The Uganda Railway, running from Mombasa on the Indian Ocean Coast to Kisumu on Lake Victoria, had been opened for traffic in December 1901.  A few years before the Great War commenced a Uganda Railway Volunteer Reserve had been recruited from amongst the European employees of the railway.  The unit followed the lines of the Railway Volunteers in India & had been formed to guard the railway in the event of an emergency.  The strength was around 100 men & training had usually been rifle practice.

On 09 August 1914 the unit was mobilised & 60 men under the command of Captain H.V. Kershaw, an assistant accountant, left Nairobi by special train for Voi, along with a KAR patrol.  For the next four months the Uganda Railway Volunteers guarded the line & bridges along the 147 mile stretch of rail between Sultan Hamud (in between Kiu & Simba Stations) & Voi.  Meanwhile in the railway workshops improvised armoured trains were built for use when patrolling the line.

Above: British troops after their train has run over a German mine.

During late September the Germans sent two demolition patrols from German East Africa through the waterless region from Lake Jipe, south of Taveta, to Kasigau Mountain & on another 20 miles to the railway.  On 24 August a patrol of Uganda Railway Volunteers found one of the enemy patrols nearly dead from thirst & exhaustion - the map used by the Germans was inacurate - & captured the complete patrol.  These enemy prisoners, the first taken in British East Africa during the war, were despatched to Nairobi with justifiable satisfaction.  

However not every stretch of the line could be watched or patrolled simultaneously and some German demolition patrols succeeded in laying effective demolition charges.  An example of an enemy device is shown in the sketch at the bottom of the page.

By November 1914 reinforcements from Indian Expeditionary Forces "C" & "B" had arrived in British East Africa and so there were sufficient other troops for railway security duties & The Uganda Railway Volunteer Reserve was stood down, allowing the men to return to their vital war work of running the railway.  
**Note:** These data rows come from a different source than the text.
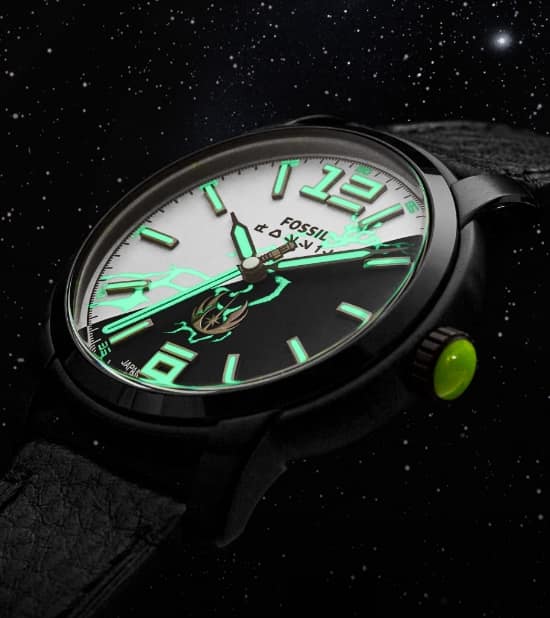 An all-black Star Wars x Fossil watch with a Luke Skywalker™-inspired design featuring a black-and-white matt dial, black leather strap, and out-of-this-galaxy details that reveal themselves in the dark. 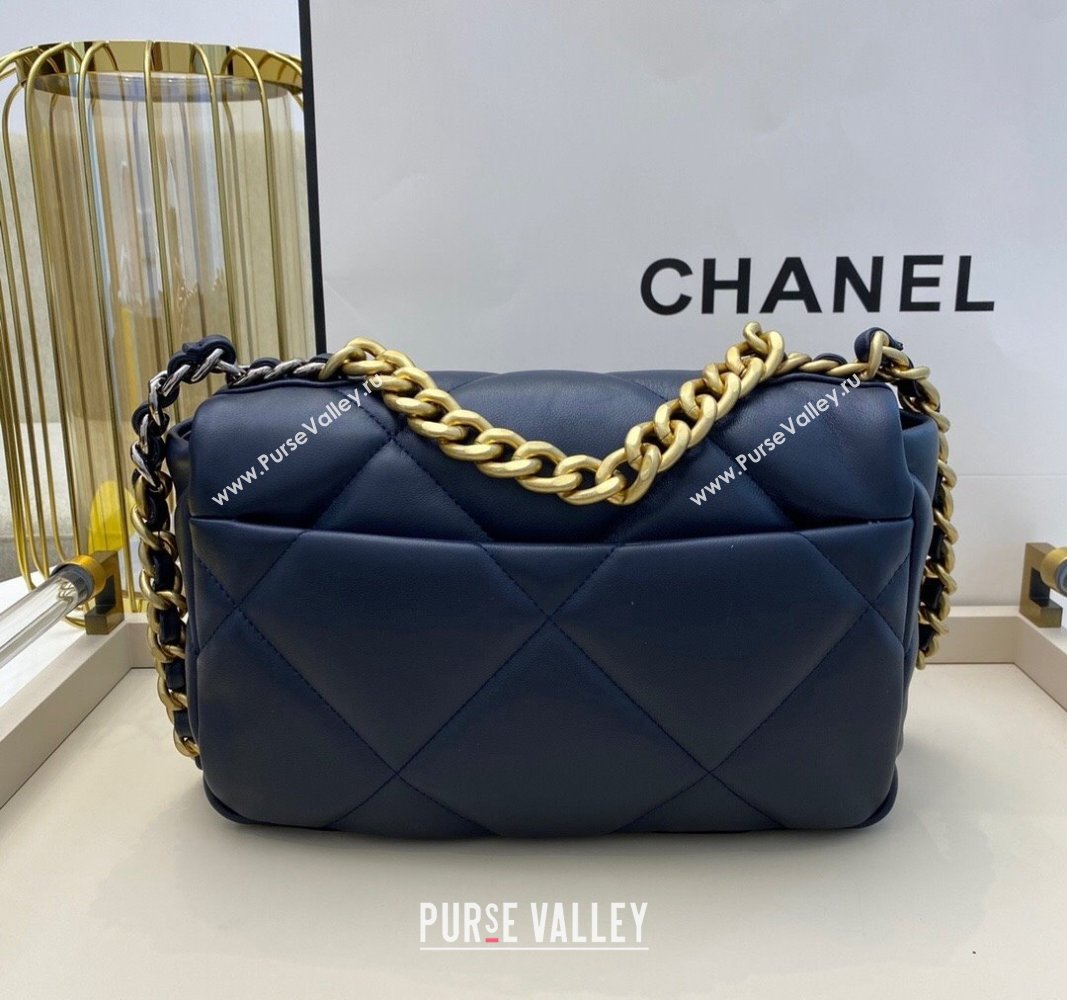Chanel 19 Shiny Lambskin Small Flap Bag AS1160 Dark Blue 2024 (sm-240311074)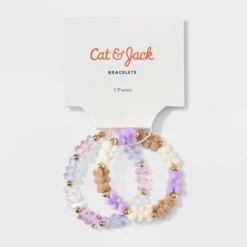 Girls' 2pk Stretch Bear Bracelet Set - Cat & Jack™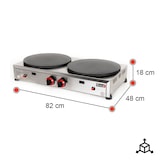 thumbnail of Romux® Crepera Profesional Doble a Gas de Sobremesa en acero inoxidable con 2 Placas de Hierro Fundido de 40 cm Ø | Crepera Industrial - 6000 W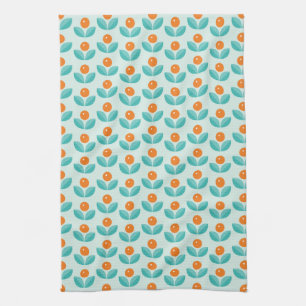 Scandinavian Style Geometric Orange Pattern Tea Towel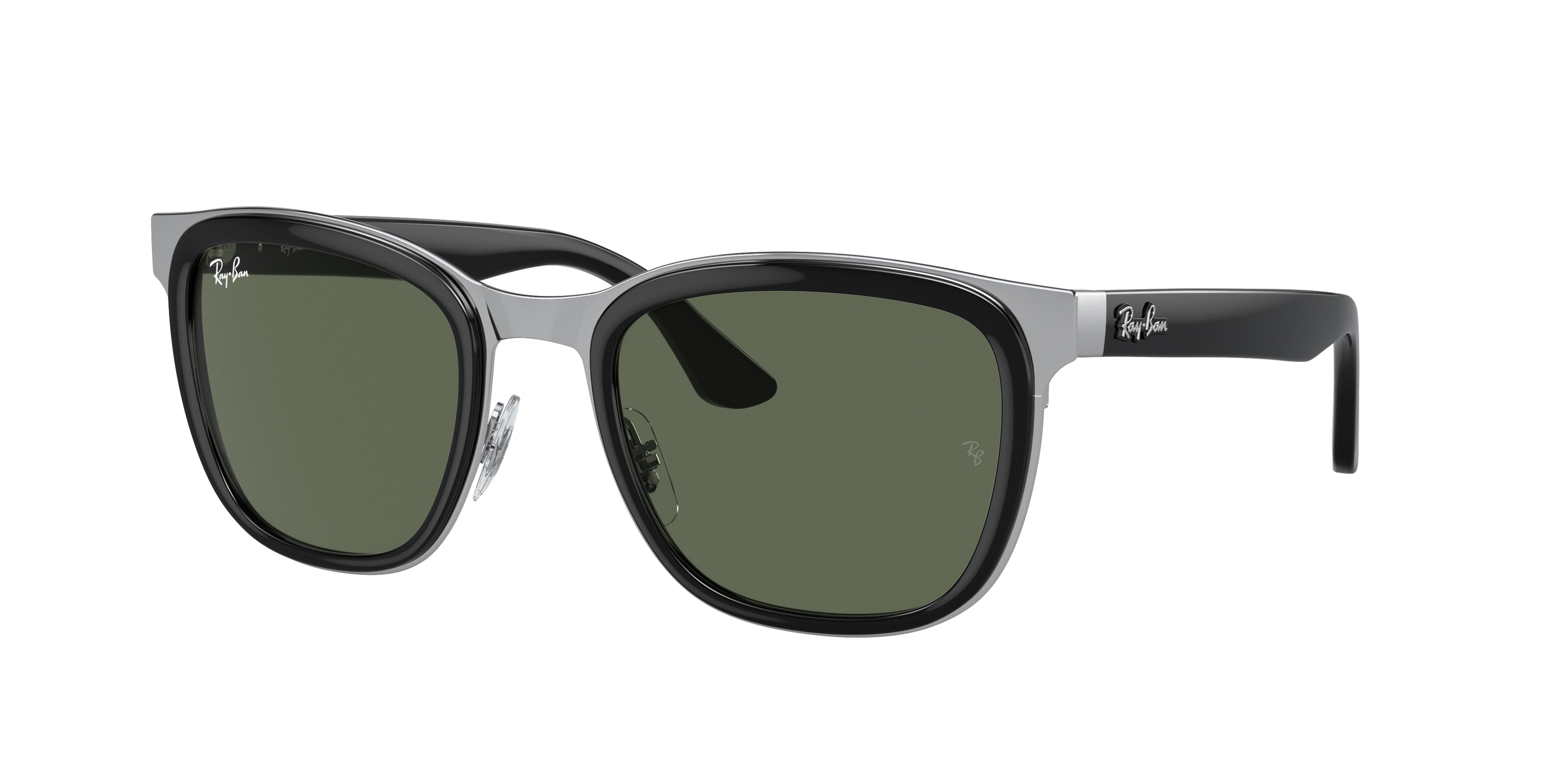 Ray-Ban CLYDE RB3709 Square Sunglasses  003/71-Black On Silver 53-140-22 - Color Map Black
The unit had been the only trained reserve available in British East Africa (probably because the Uganda Railway funded & organised it), & during the first weeks of August 1914, whilst Nairobi Racecourse Camp resounded to the greetings & backslappings of other European volunteers awaiting mobilisation, The Uganda Railway Volunteers had drawn their weapons & deployed immediately onto successful operational duties. The unit receives one very brief mention in the Official History (on page 52) but it deserves wider recognition for the military duties that it speedily carried out.
Above: British armored train after having driven over a mine.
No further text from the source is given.